• [Exercise requirements] Those lines of the following listing which contain the string "subscribe" should be returned.
==== The input
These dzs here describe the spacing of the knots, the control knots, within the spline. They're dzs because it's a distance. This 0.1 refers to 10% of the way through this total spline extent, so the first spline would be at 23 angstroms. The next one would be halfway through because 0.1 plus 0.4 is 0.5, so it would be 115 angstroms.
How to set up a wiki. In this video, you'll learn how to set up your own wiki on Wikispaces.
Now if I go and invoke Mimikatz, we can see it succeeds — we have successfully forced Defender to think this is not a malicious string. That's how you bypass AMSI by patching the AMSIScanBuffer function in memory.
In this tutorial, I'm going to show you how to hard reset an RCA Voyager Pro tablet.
========
==== The input
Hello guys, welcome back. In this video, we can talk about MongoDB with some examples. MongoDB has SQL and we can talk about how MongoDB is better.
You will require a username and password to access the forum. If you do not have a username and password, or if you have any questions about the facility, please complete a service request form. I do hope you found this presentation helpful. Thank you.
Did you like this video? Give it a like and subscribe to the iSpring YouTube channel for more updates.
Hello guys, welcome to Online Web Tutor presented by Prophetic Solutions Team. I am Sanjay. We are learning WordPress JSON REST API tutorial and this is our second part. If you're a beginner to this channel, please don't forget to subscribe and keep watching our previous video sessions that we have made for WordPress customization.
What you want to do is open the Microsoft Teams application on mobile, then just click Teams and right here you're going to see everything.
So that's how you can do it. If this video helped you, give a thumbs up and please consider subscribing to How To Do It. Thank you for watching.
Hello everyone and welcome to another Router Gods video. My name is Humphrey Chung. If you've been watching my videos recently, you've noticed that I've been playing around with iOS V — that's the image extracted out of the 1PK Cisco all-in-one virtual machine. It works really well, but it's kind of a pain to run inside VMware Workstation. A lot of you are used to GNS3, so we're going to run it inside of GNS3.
========
• [Solution to this exercise]
Did you like this video? Give it a like and subscribe to the iSpring YouTube channel for more updates.
Hello guys, welcome to Online Web Tutor presented by Prophetic Solutions Team. I am Sanjay. We are learning WordPress JSON REST API tutorial and this is our second part. If you're a beginner to this channel, please don't forget to subscribe and keep watching our previous video sessions that we have made for WordPress customization.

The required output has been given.